> **Data for analysis**

────────────────────────────────────────

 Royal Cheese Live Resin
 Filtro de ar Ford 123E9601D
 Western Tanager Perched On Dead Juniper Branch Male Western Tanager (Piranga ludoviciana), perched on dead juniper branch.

────────────────────────────────────────

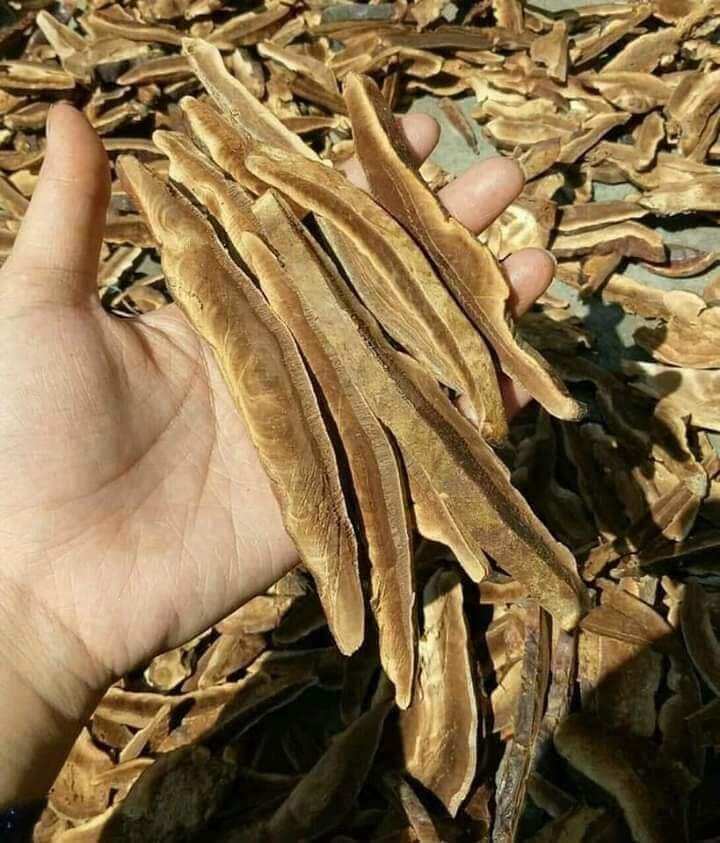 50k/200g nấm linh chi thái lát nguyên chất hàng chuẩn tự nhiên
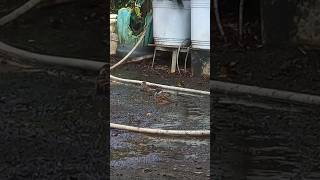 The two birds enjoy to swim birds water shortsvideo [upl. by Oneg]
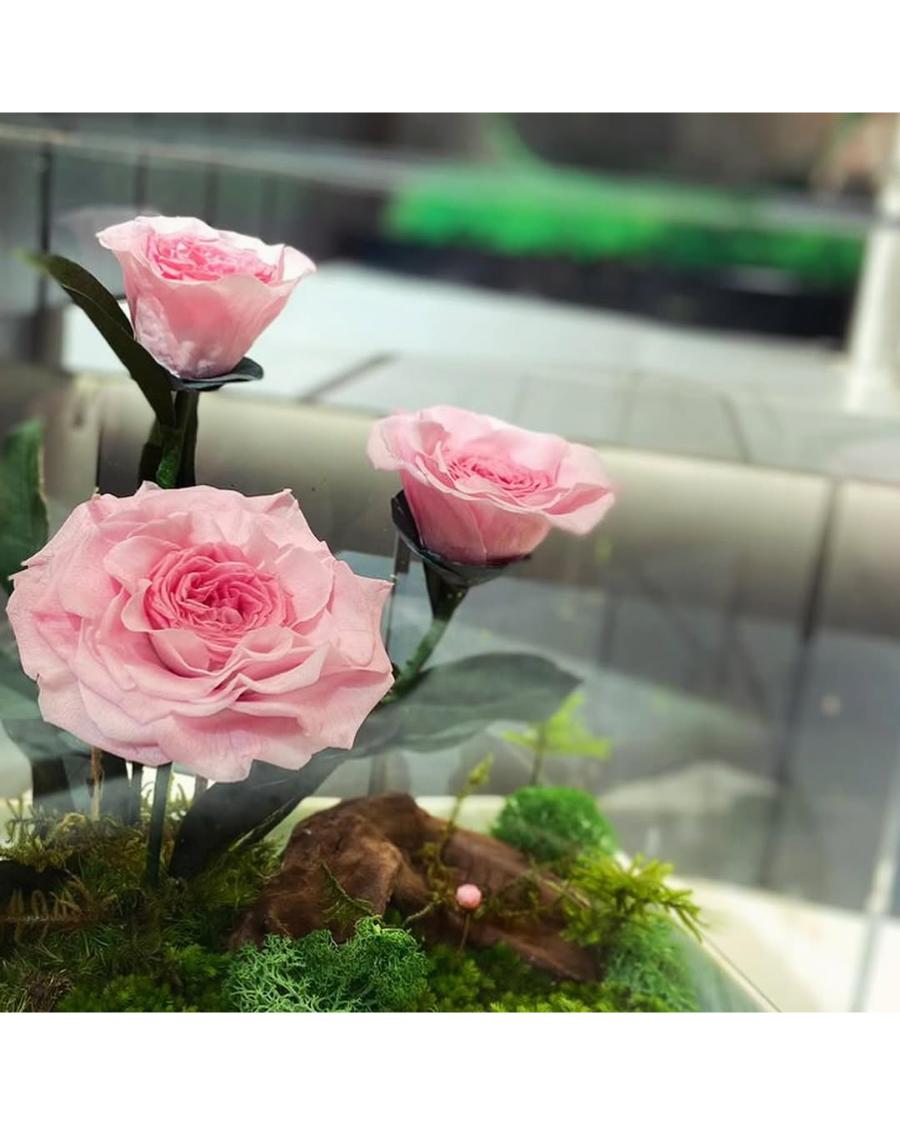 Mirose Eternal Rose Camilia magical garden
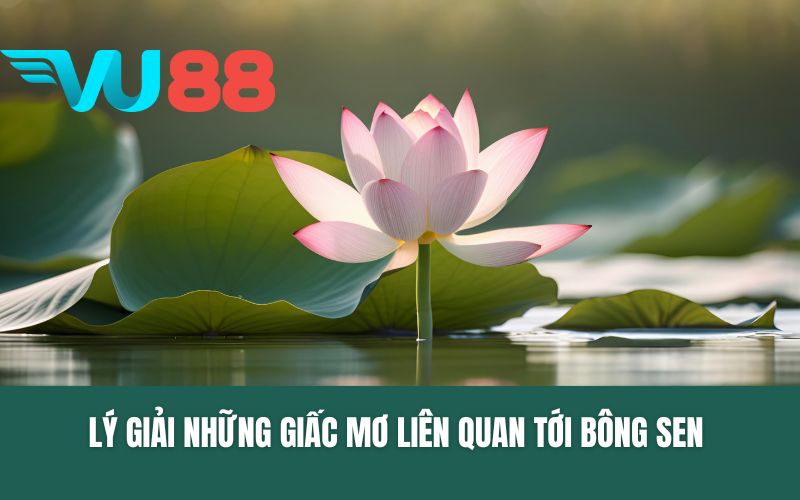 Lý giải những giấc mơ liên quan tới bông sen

────────────────────────────────────────

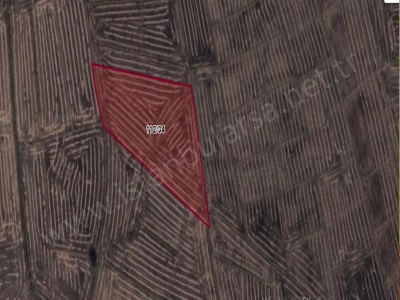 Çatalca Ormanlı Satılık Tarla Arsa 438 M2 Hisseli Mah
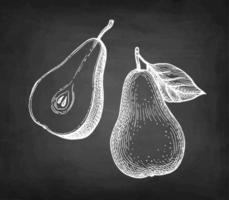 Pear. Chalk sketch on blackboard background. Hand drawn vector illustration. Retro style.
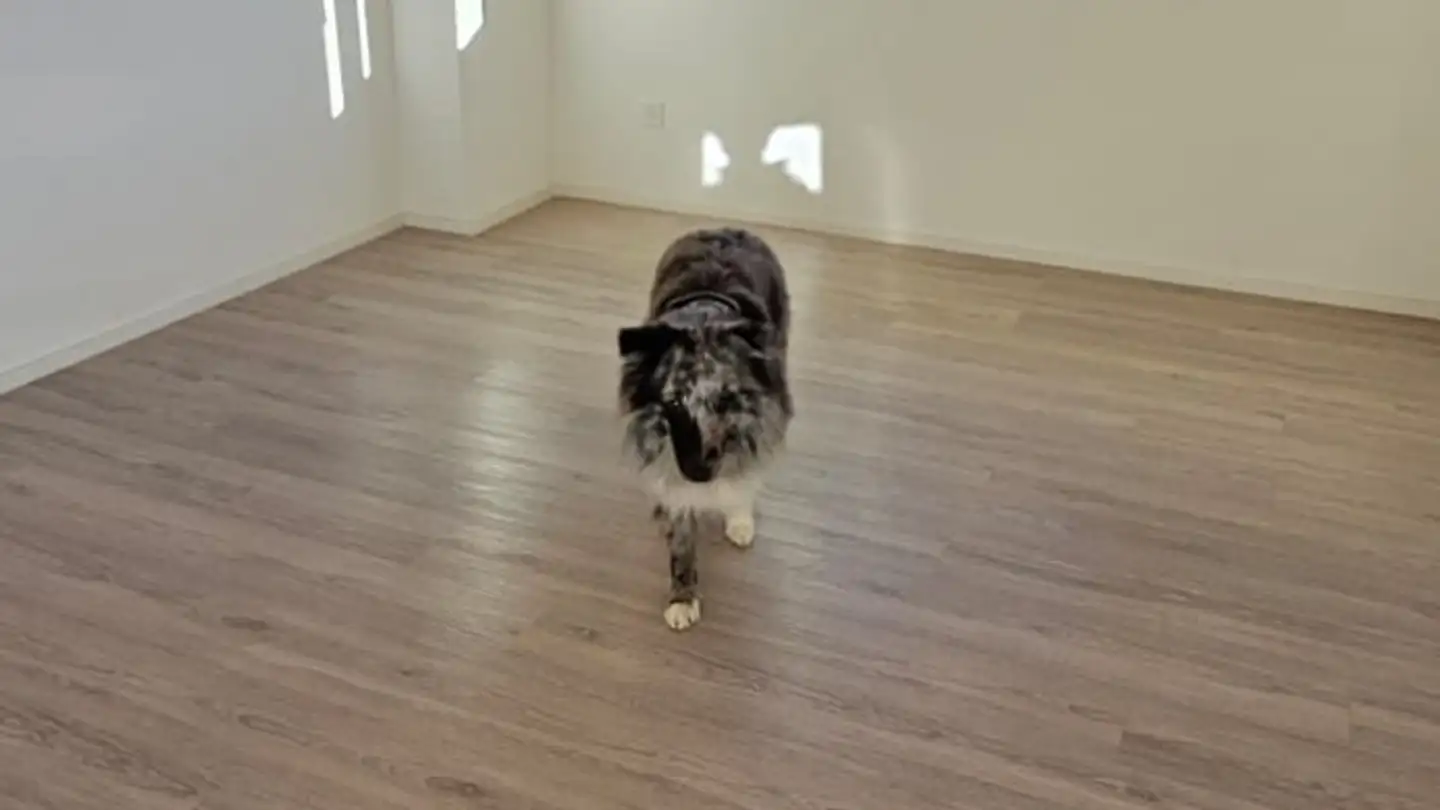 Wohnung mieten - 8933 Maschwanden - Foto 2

────────────────────────────────────────

> **Aim of the task**
In the listing above, find the line containing "Royal Cheese Live Resin" and the line containing "Western Tanager Perched", then quote both, plus every line between them, exactly as written.

> **Solution to this problem**
 Royal Cheese Live Resin
 Filtro de ar Ford 123E9601D
 Western Tanager Perched On Dead Juniper Branch Male Western Tanager (Piranga ludoviciana), perched on dead juniper branch.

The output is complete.